KV (Key-Value) cache is an optimization technique for autoregressive models that stores computed attention keys and values from previous steps to avoid recomputation.
How It Works
Without KV Cache
Step 1: Process [Frame1] → Compute K1,V1,Q1 → Generate Frame2
Step 2: Process [Frame1,Frame2] → Compute K1,V1,K2,V2,Q2 → Generate Frame3
Step 3: Process [Frame1,Frame2,Frame3] → Compute K1,V1,K2,V2,K3,V3,Q3 → Generate Frame4
Problem: We recompute K1,V1 three times, K2,V2 twice, etc.
With KV Cache
Step 1: Process [Frame1] → Compute K1,V1,Q1 → Store K1,V1 → Generate Frame2
Step 2: Process [Frame2] → Compute only K2,V2,Q2 → Use cached K1,V1 → Generate Frame3
Step 3: Process [Frame3] → Compute only K3,V3,Q3 → Use cached K1,V1,K2,V2 → Generate Frame4
Solution: Each K,V is computed only once!

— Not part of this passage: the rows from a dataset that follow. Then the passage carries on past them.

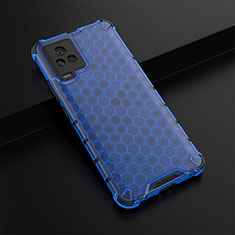 Coque Rebord Contour Silicone et Vitre Transparente Housse Etui 360 Degres AM1 pour Vivo iQOO 7 5G Bleu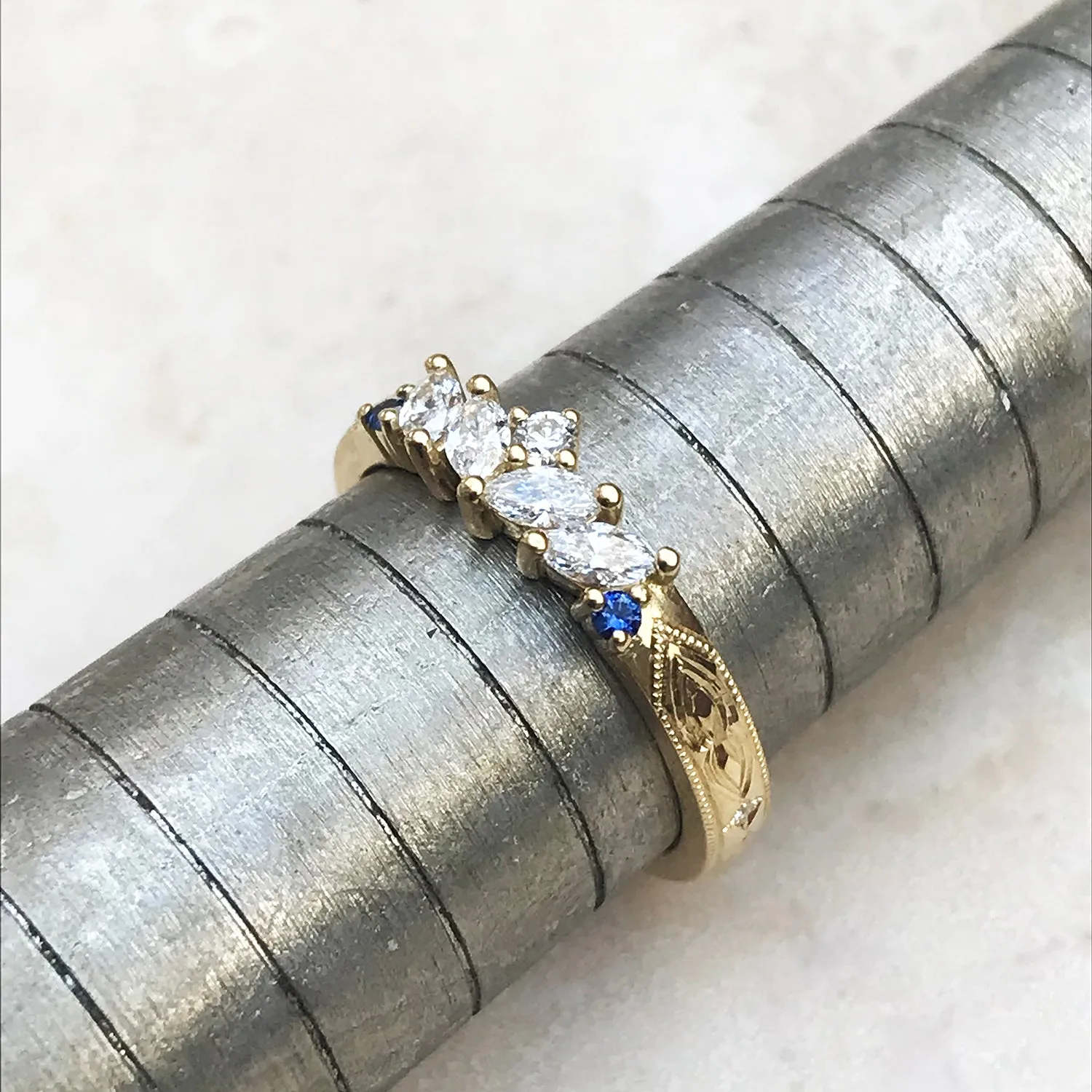 Bespoke Louise Ethical Diamond & Sapphire Wedding Ring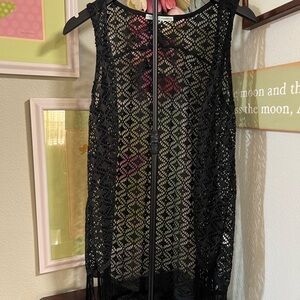 Maurices Black Lace Vest #051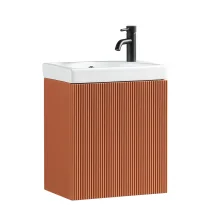 Flauto Mini 460mm Braciata Orange Wall Hung Fluted Cloakroom Vanity Basin Unit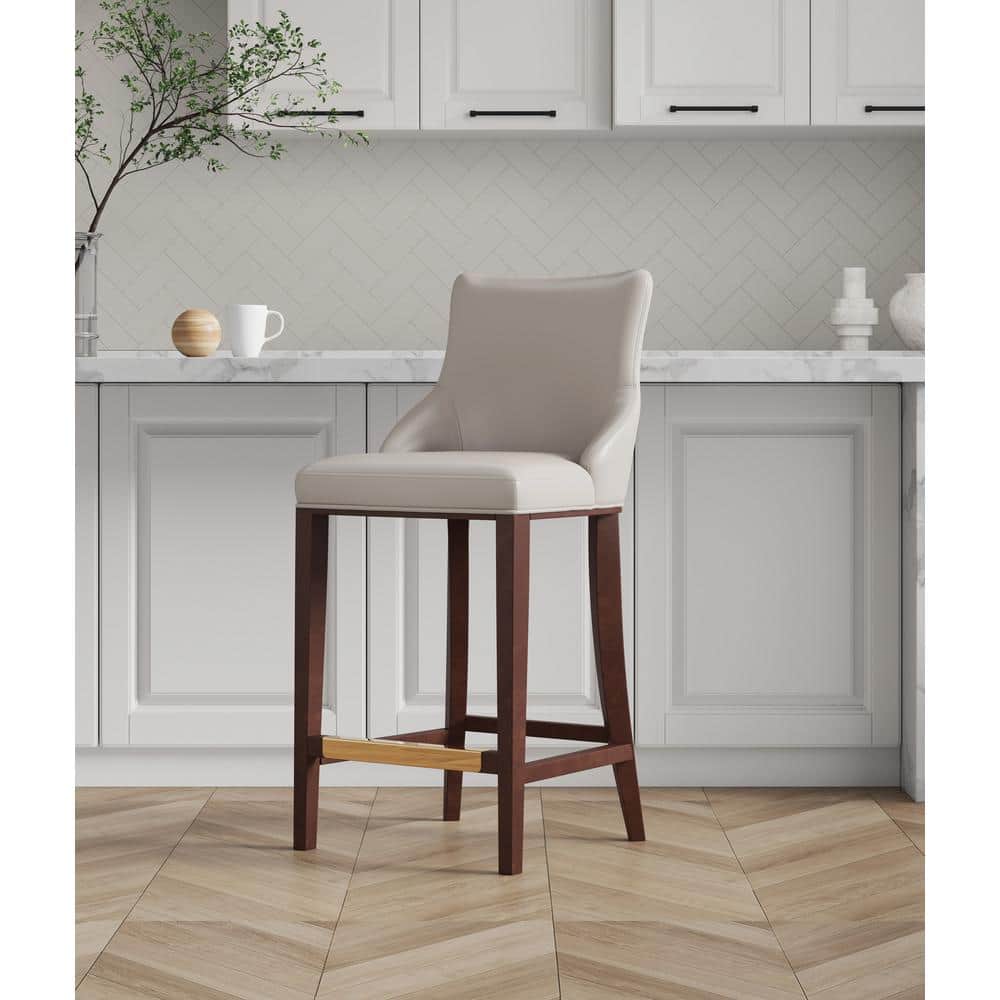 Light Grey Leatherette Upholstered Barstool with Beech Wood Legs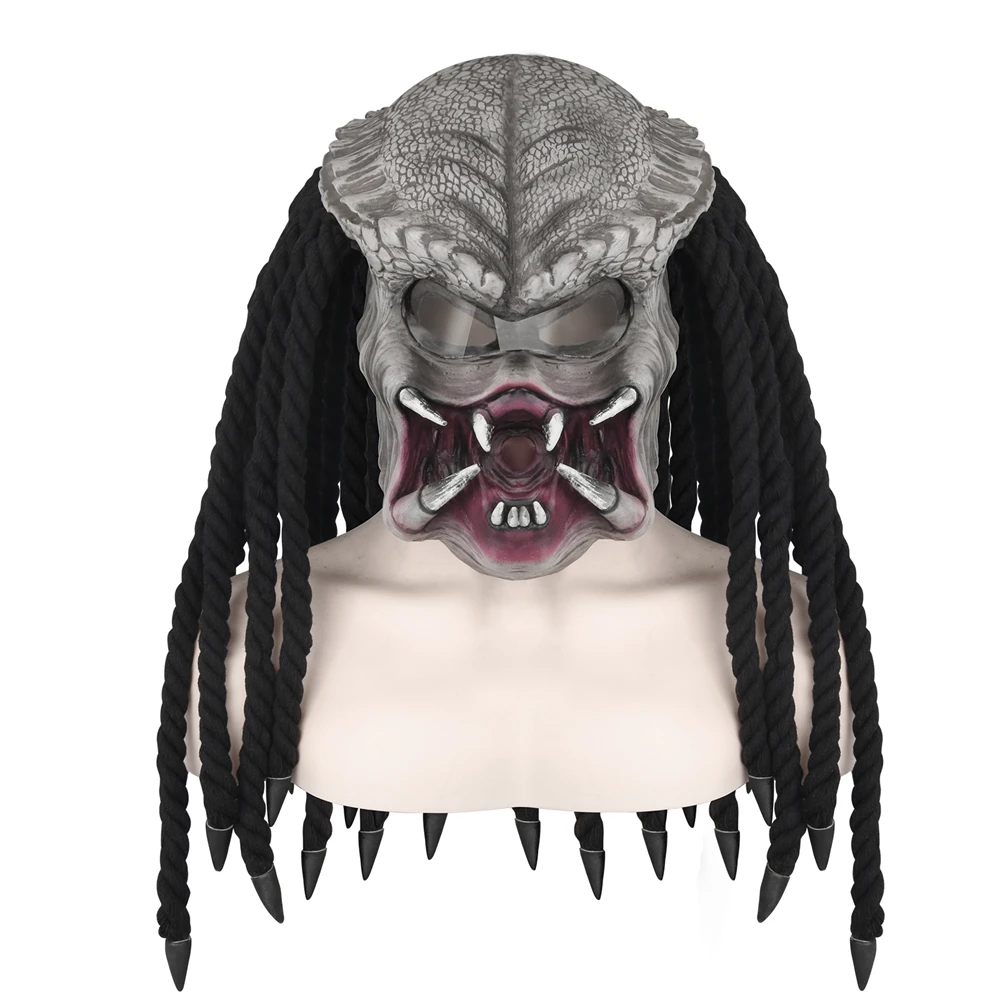 

Predator Mask with Polyester Weaving Braids Horrific Monster Latex Headgear Halloween Costume Party Cosplay Prop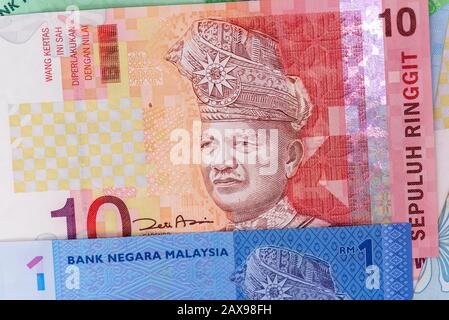 Close-up Malaysian Money, Malaysian currency and portrait of Abdul Rahman Stock Photo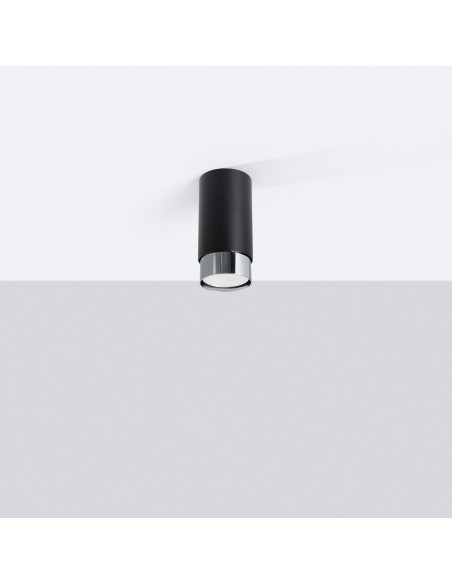 Lámpara de techo NERO 12,5 negro/cromo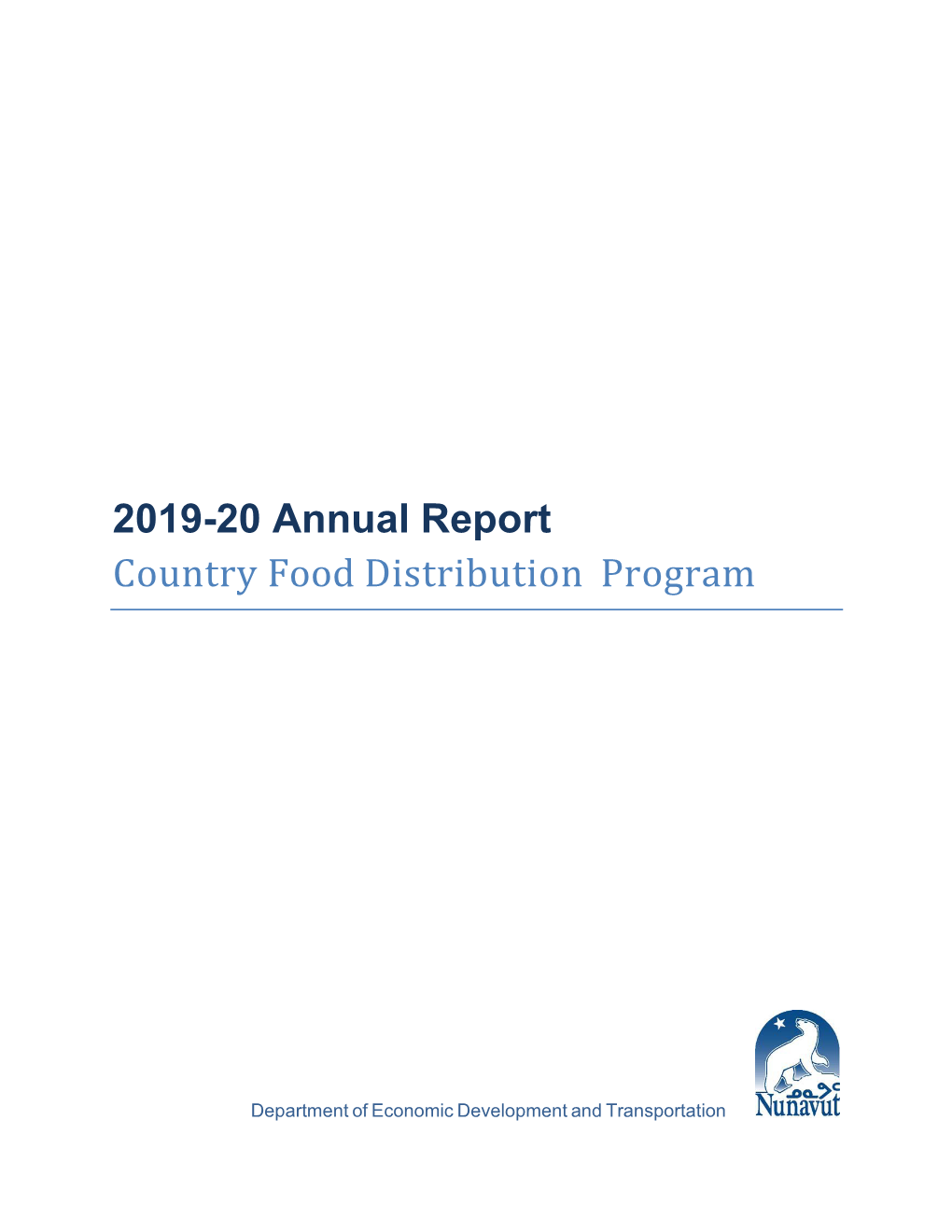 2019-20 Annual Report Country Food Distribution Program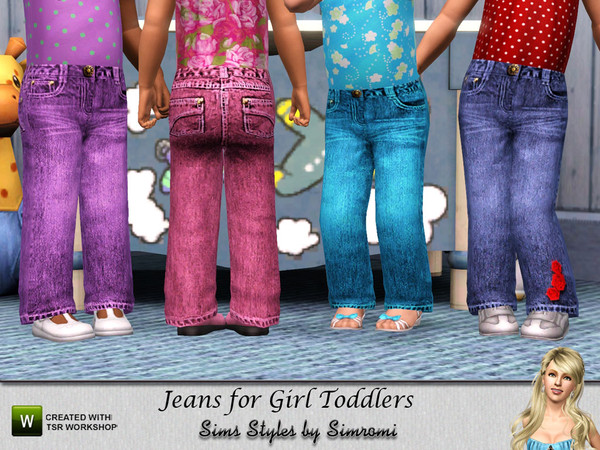Sims 3 — Jeans for Girl Toddlers by simromi — These jean are the perfect play outfit for your sim toddler. The jeans has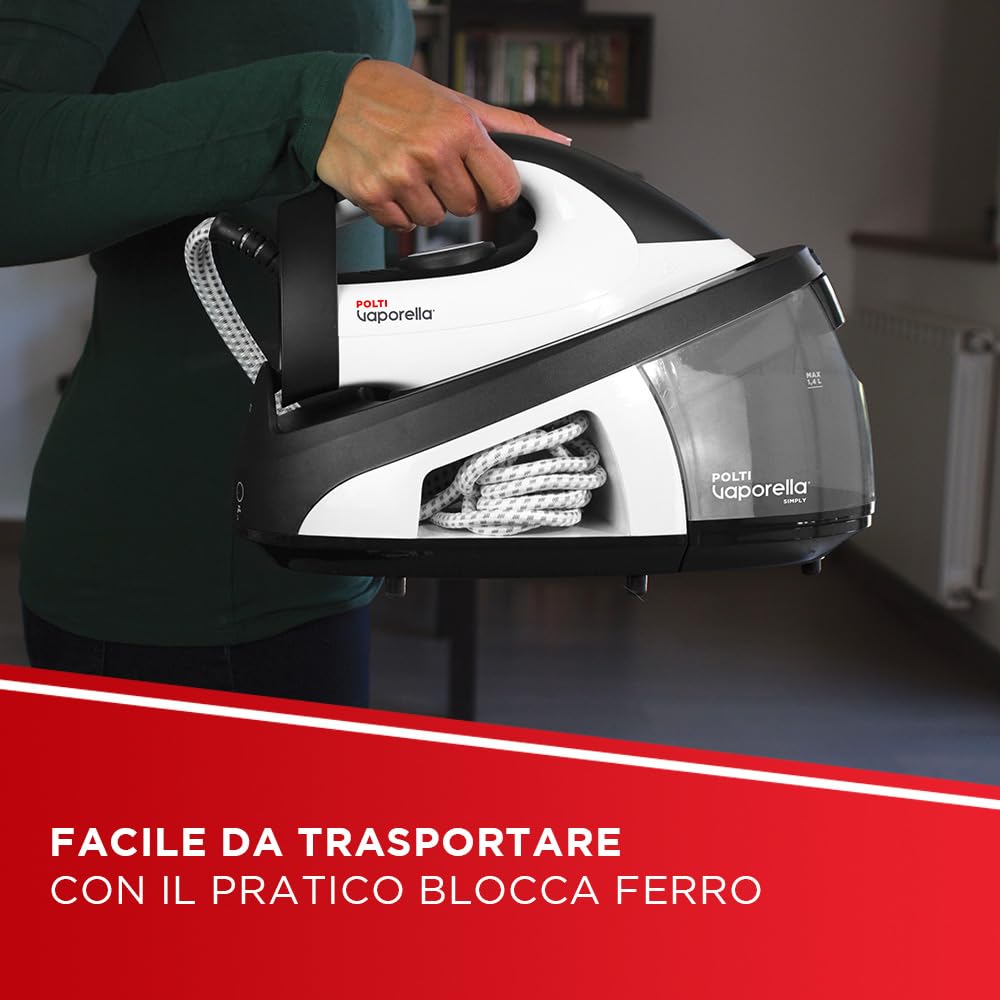 Polti Vaporella Simply VS20.20, Ferro da Stiro Generatore di Vapore, Serbatoio Estraibile 1,5 L, Pressione Pompa 6,5 Bar, Potenza 2200 W, Funzione ECO, Bianco e Nero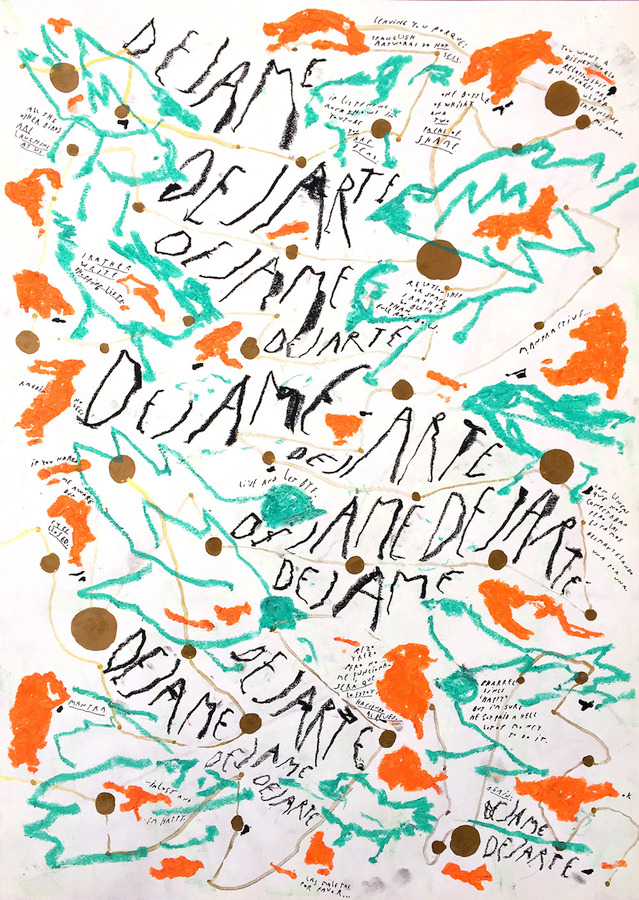 Jaime Núñez del Arco, Déjame Dejarte, 2020, acrílico, tinta, oil pastels y crayón sobre papel Fabriano, 42 x 60 cm. Cortesía N24 Galería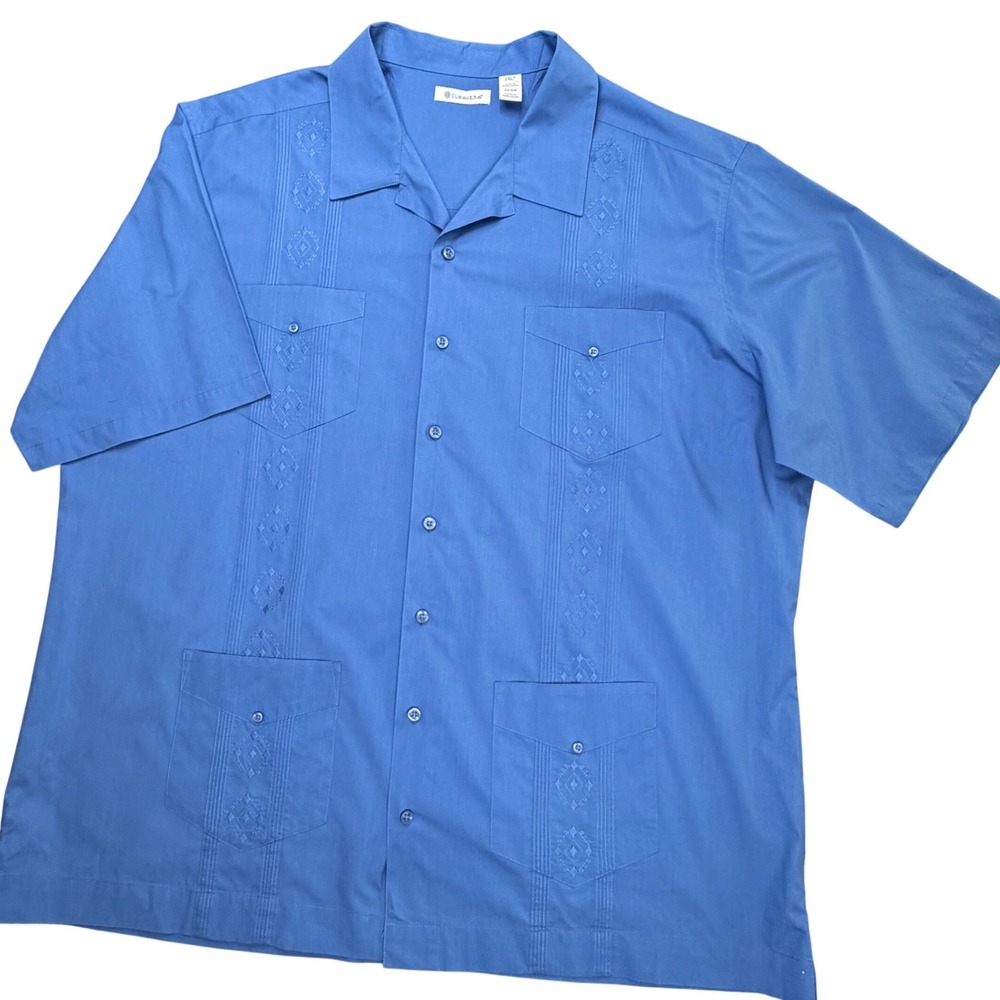 Cubavera Mens Blue Short Sleeve Guayabera Shirt Embroidered Pintuck 2XLT Tall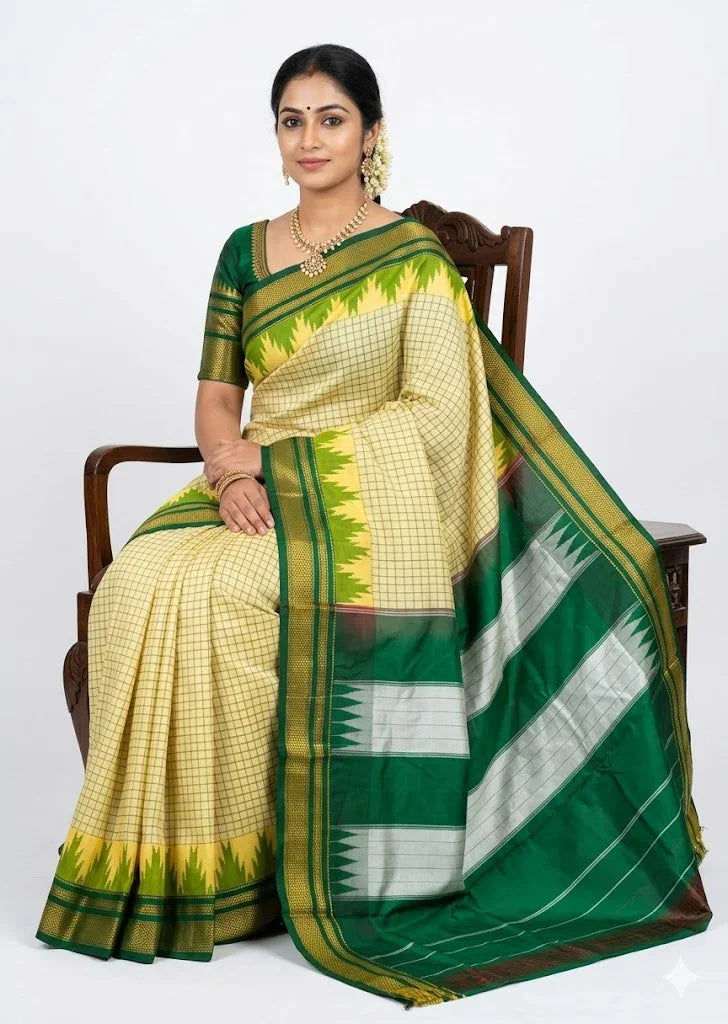 Pure Gadwal Silk Saree - Cream Checkered Body with Green Temple Border &amp; Rich Zari Pallu - pochampallysarees.com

Key Implementation Details
- Storage Structure:
cache = { 'keys': tensor([batch, n_heads, seq_len, d_head]), 'values': tensor([batch, n_heads, seq_len, d_head]) }
- Update Process:
# Compute K,V only for new positions K_new = compute_keys(new_input) V_new = compute_values(new_input) # Concatenate with cached K_all = concat([K_cached, K_new]) V_all = concat([V_cached, V_new]) # Update cache cache.update(K_new, V_new)
- Attention Computation:
# Q is always computed fresh for current position Q = compute_queries(current_input) # Use all K,V (cached + new) attention = softmax(Q @ K_all.T) @ V_all
Performance Impact
From our demo:
- Without cache: 300 position computations (3+4+5+…+12) × 4 layers
- With cache: 52 position computations (3+10) × 4 layers
- Speedup: 3.97x
- Compute saved: 82.7%
Memory Cost
- Per layer:
seq_length × 2 × d_model × sizeof(float)
- Total:
n_layers × seq_length × 2 × d_model × sizeof(float)
- Example: 12 layers, 1000 positions, d_model=512 → 49 MB
When to Use
✅ Use KV Cache for:
- Inference/generation (biggest benefit)
- Long sequences (more savings)
- Beam search (share cache across beams)
- Streaming generation
❌ Don’t use for:
- Training (need gradients)
- Very large batch sizes (memory constraint)
- Bidirectional models (future context changes)
In Video Models
For autoregressive video models:
- Each frame has multiple patches (e.g., 8×8 = 64 patches)
- Without cache: Process all frames × all patches each step
- With cache: Only process new frame’s patches
- Example: 10 frames × 64 patches = 640 positions
- Without cache: 640+704+768+… computations
- With cache: Only 64 new computations per step!
Key Takeaway
KV cache trades memory for computation. It’s essential for efficient autoregressive generation in modern transformers, enabling real-time video generation and long-context processing.